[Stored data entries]
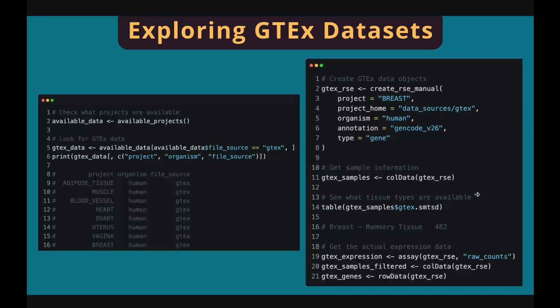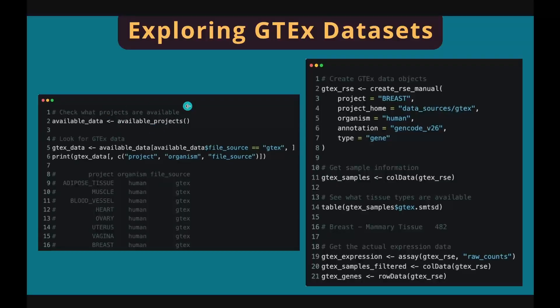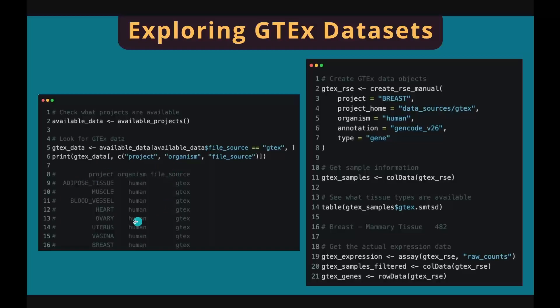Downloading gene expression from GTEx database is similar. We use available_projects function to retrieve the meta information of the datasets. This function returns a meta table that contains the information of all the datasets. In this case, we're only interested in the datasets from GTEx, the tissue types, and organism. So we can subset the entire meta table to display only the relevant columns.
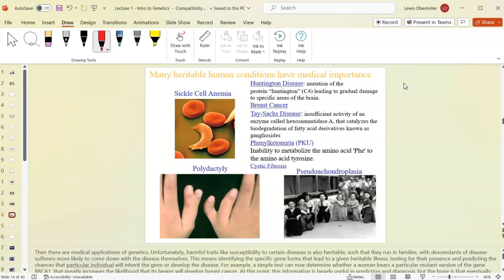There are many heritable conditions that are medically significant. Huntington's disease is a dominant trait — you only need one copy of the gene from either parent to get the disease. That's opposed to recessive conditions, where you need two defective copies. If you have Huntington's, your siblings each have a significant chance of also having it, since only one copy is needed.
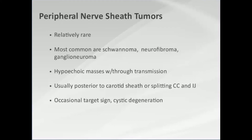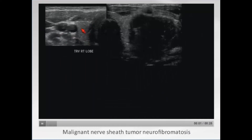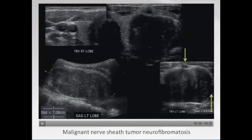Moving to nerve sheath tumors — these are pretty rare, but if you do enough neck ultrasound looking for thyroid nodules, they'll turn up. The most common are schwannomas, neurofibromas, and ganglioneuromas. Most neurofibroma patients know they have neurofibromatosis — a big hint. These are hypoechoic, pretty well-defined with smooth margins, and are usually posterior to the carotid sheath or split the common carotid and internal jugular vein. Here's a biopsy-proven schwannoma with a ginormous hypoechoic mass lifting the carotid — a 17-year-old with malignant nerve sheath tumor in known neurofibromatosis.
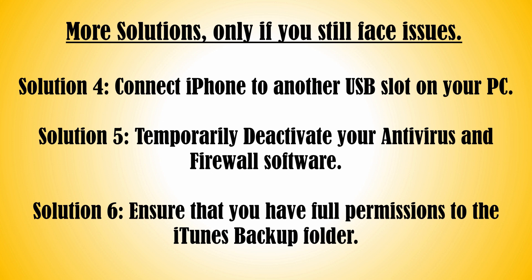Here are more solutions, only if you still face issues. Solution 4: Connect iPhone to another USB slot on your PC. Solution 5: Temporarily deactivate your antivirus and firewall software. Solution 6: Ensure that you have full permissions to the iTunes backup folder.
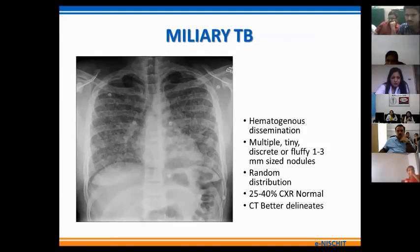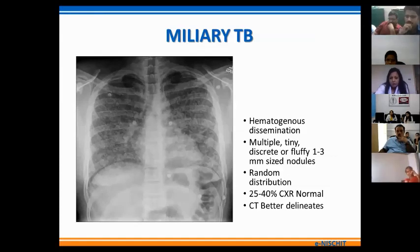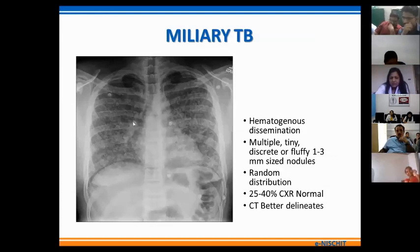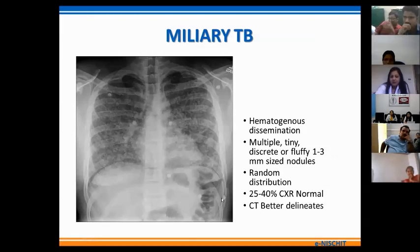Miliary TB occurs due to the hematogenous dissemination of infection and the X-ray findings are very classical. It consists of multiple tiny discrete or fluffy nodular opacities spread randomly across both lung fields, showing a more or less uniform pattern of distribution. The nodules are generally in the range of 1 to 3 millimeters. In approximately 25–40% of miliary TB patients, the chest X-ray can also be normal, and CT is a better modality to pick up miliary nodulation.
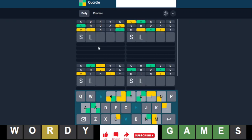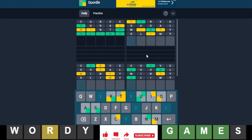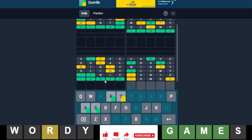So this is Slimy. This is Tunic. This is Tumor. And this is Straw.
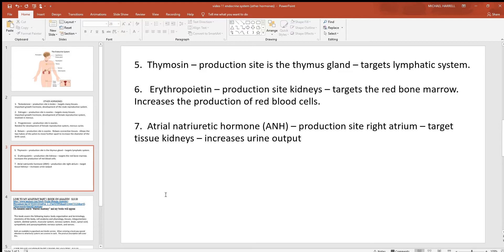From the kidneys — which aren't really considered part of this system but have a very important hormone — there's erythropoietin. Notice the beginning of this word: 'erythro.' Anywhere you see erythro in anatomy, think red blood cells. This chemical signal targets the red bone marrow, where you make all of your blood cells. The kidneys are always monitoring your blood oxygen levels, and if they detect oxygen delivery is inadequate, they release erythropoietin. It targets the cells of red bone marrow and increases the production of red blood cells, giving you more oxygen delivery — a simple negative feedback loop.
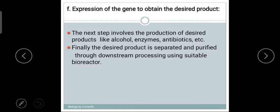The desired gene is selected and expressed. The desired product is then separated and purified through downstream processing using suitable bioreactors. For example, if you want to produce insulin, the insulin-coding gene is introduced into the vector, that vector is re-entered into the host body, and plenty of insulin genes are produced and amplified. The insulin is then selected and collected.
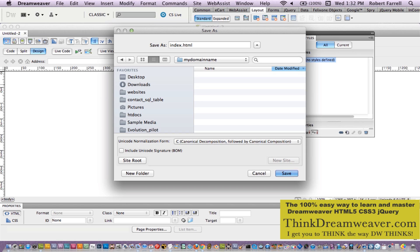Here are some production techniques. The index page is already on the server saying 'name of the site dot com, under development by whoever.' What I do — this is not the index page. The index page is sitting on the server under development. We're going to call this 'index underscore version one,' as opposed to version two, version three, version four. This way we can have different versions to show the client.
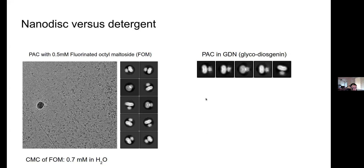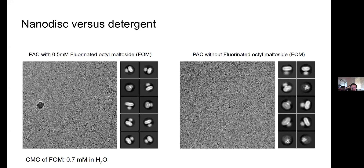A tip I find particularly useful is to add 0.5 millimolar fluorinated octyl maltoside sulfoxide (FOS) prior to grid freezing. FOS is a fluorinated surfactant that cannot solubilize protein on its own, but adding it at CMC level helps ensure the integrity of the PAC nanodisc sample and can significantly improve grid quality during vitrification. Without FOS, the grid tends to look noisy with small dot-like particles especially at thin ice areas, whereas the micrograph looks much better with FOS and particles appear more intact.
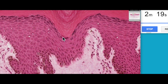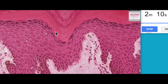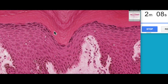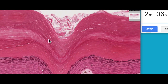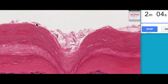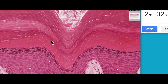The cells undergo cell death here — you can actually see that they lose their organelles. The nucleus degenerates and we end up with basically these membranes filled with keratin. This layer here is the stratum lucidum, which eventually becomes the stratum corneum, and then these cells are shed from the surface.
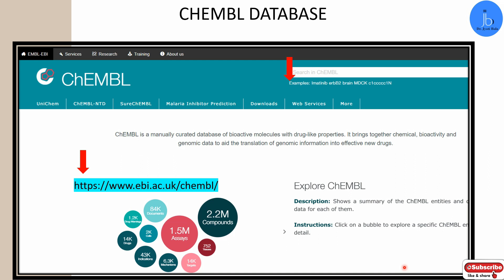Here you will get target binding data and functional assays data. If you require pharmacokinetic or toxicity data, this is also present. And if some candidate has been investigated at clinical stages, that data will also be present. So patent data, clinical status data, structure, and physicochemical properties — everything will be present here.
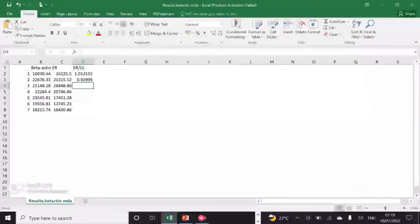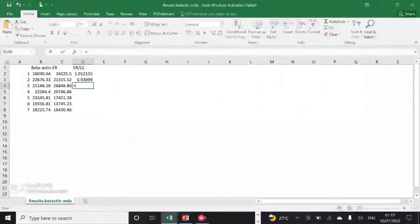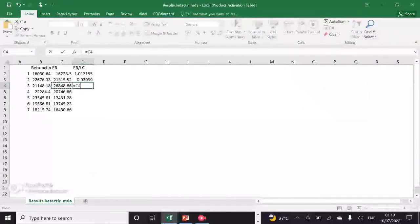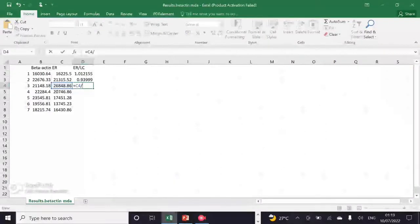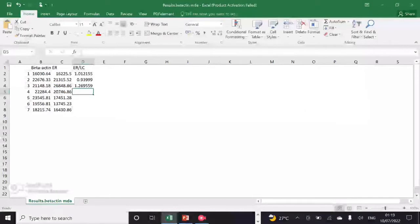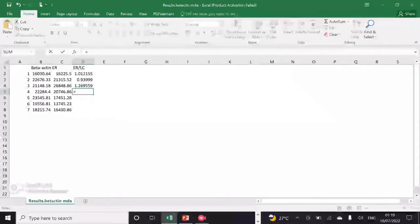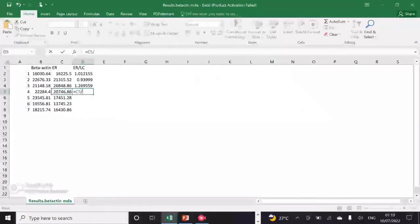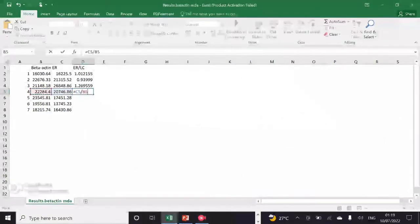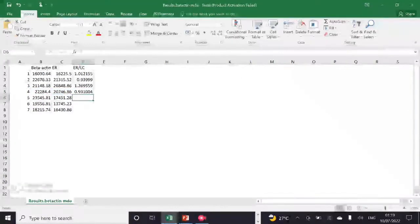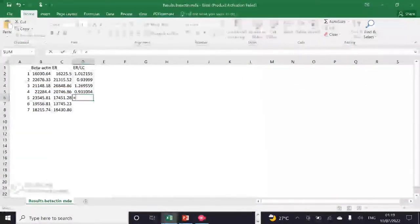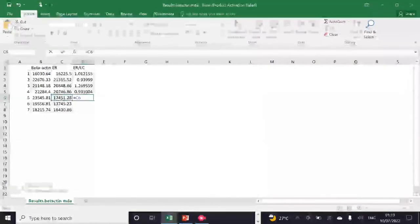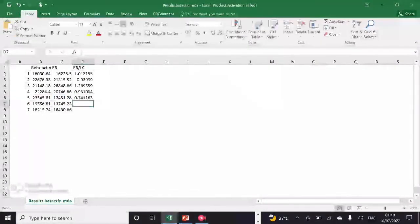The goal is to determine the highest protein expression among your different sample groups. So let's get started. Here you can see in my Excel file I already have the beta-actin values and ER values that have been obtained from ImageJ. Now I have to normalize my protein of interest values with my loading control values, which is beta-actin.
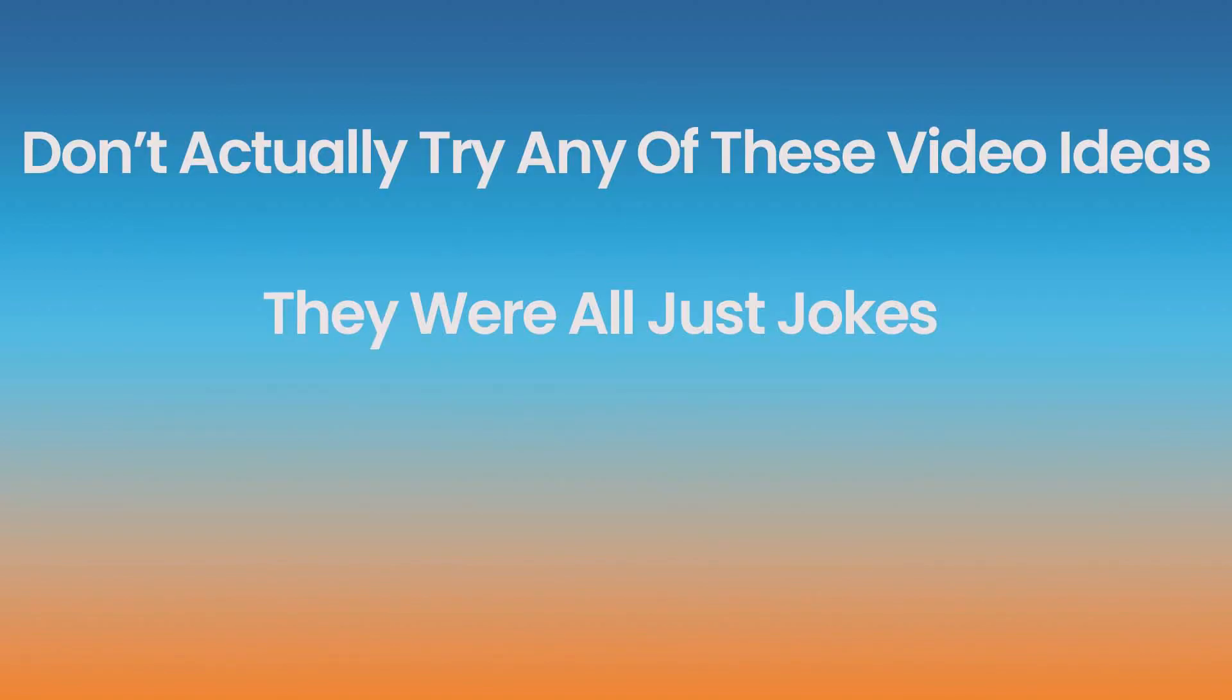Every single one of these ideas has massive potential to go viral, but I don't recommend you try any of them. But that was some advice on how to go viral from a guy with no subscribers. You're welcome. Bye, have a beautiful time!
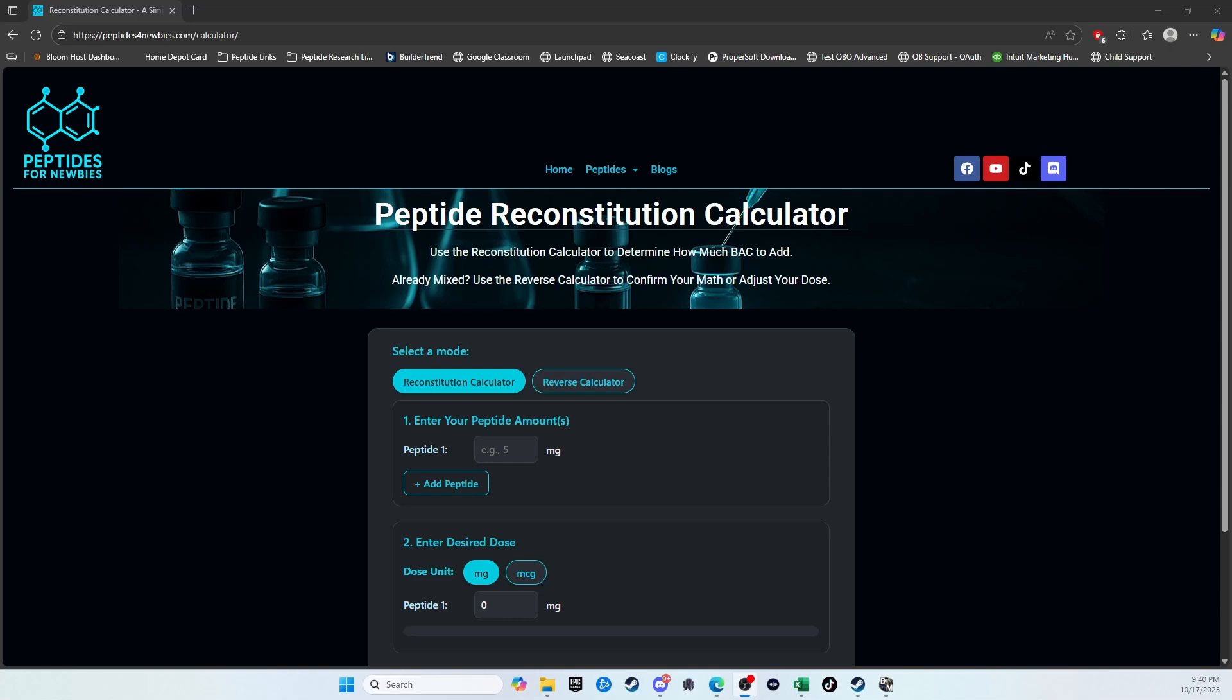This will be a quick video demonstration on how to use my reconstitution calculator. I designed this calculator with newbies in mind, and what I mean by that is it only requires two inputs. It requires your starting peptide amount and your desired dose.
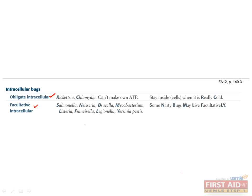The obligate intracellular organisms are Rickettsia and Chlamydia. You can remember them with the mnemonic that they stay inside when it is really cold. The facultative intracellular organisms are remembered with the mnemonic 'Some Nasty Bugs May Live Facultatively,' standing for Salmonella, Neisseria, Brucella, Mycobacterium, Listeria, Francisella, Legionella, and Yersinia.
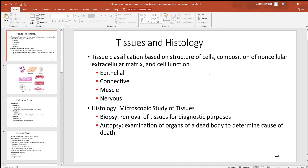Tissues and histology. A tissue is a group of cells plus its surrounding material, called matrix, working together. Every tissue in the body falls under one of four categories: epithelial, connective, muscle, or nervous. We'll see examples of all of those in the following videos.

# Problem to solve
Exactly as written, please copy out the whole set of records, skipping images.

# Task answer
Downloading gene expression from GTEx database is similar. We use available_projects function to retrieve the meta information of the datasets. This function returns a meta table that contains the information of all the datasets. In this case, we're only interested in the datasets from GTEx, the tissue types, and organism. So we can subset the entire meta table to display only the relevant columns.
There are many heritable conditions that are medically significant. Huntington's disease is a dominant trait — you only need one copy of the gene from either parent to get the disease. That's opposed to recessive conditions, where you need two defective copies. If you have Huntington's, your siblings each have a significant chance of also having it, since only one copy is needed.
Moving to nerve sheath tumors — these are pretty rare, but if you do enough neck ultrasound looking for thyroid nodules, they'll turn up. The most common are schwannomas, neurofibromas, and ganglioneuromas. Most neurofibroma patients know they have neurofibromatosis — a big hint. These are hypoechoic, pretty well-defined with smooth margins, and are usually posterior to the carotid sheath or split the common carotid and internal jugular vein. Here's a biopsy-proven schwannoma with a ginormous hypoechoic mass lifting the carotid — a 17-year-old with malignant nerve sheath tumor in known neurofibromatosis.
Here are more solutions, only if you still face issues. Solution 4: Connect iPhone to another USB slot on your PC. Solution 5: Temporarily deactivate your antivirus and firewall software. Solution 6: Ensure that you have full permissions to the iTunes backup folder.
Miliary TB occurs due to the hematogenous dissemination of infection and the X-ray findings are very classical. It consists of multiple tiny discrete or fluffy nodular opacities spread randomly across both lung fields, showing a more or less uniform pattern of distribution. The nodules are generally in the range of 1 to 3 millimeters. In approximately 25–40% of miliary TB patients, the chest X-ray can also be normal, and CT is a better modality to pick up miliary nodulation.
So this is Slimy. This is Tunic. This is Tumor. And this is Straw.
From the kidneys — which aren't really considered part of this system but have a very important hormone — there's erythropoietin. Notice the beginning of this word: 'erythro.' Anywhere you see erythro in anatomy, think red blood cells. This chemical signal targets the red bone marrow, where you make all of your blood cells. The kidneys are always monitoring your blood oxygen levels, and if they detect oxygen delivery is inadequate, they release erythropoietin. It targets the cells of red bone marrow and increases the production of red blood cells, giving you more oxygen delivery — a simple negative feedback loop.
The desired gene is selected and expressed. The desired product is then separated and purified through downstream processing using suitable bioreactors. For example, if you want to produce insulin, the insulin-coding gene is introduced into the vector, that vector is re-entered into the host body, and plenty of insulin genes are produced and amplified. The insulin is then selected and collected.
Here are some production techniques. The index page is already on the server saying 'name of the site dot com, under development by whoever.' What I do — this is not the index page. The index page is sitting on the server under development. We're going to call this 'index underscore version one,' as opposed to version two, version three, version four. This way we can have different versions to show the client.
A tip I find particularly useful is to add 0.5 millimolar fluorinated octyl maltoside sulfoxide (FOS) prior to grid freezing. FOS is a fluorinated surfactant that cannot solubilize protein on its own, but adding it at CMC level helps ensure the integrity of the PAC nanodisc sample and can significantly improve grid quality during vitrification. Without FOS, the grid tends to look noisy with small dot-like particles especially at thin ice areas, whereas the micrograph looks much better with FOS and particles appear more intact.
The cells undergo cell death here — you can actually see that they lose their organelles. The nucleus degenerates and we end up with basically these membranes filled with keratin. This layer here is the stratum lucidum, which eventually becomes the stratum corneum, and then these cells are shed from the surface.
Here you will get target binding data and functional assays data. If you require pharmacokinetic or toxicity data, this is also present. And if some candidate has been investigated at clinical stages, that data will also be present. So patent data, clinical status data, structure, and physicochemical properties — everything will be present here.
The goal is to determine the highest protein expression among your different sample groups. So let's get started. Here you can see in my Excel file I already have the beta-actin values and ER values that have been obtained from ImageJ. Now I have to normalize my protein of interest values with my loading control values, which is beta-actin.
Every single one of these ideas has massive potential to go viral, but I don't recommend you try any of them. But that was some advice on how to go viral from a guy with no subscribers. You're welcome. Bye, have a beautiful time!
This will be a quick video demonstration on how to use my reconstitution calculator. I designed this calculator with newbies in mind, and what I mean by that is it only requires two inputs. It requires your starting peptide amount and your desired dose.
The obligate intracellular organisms are Rickettsia and Chlamydia. You can remember them with the mnemonic that they stay inside when it is really cold. The facultative intracellular organisms are remembered with the mnemonic 'Some Nasty Bugs May Live Facultatively,' standing for Salmonella, Neisseria, Brucella, Mycobacterium, Listeria, Francisella, Legionella, and Yersinia.
Tissues and histology. A tissue is a group of cells plus its surrounding material, called matrix, working together. Every tissue in the body falls under one of four categories: epithelial, connective, muscle, or nervous. We'll see examples of all of those in the following videos.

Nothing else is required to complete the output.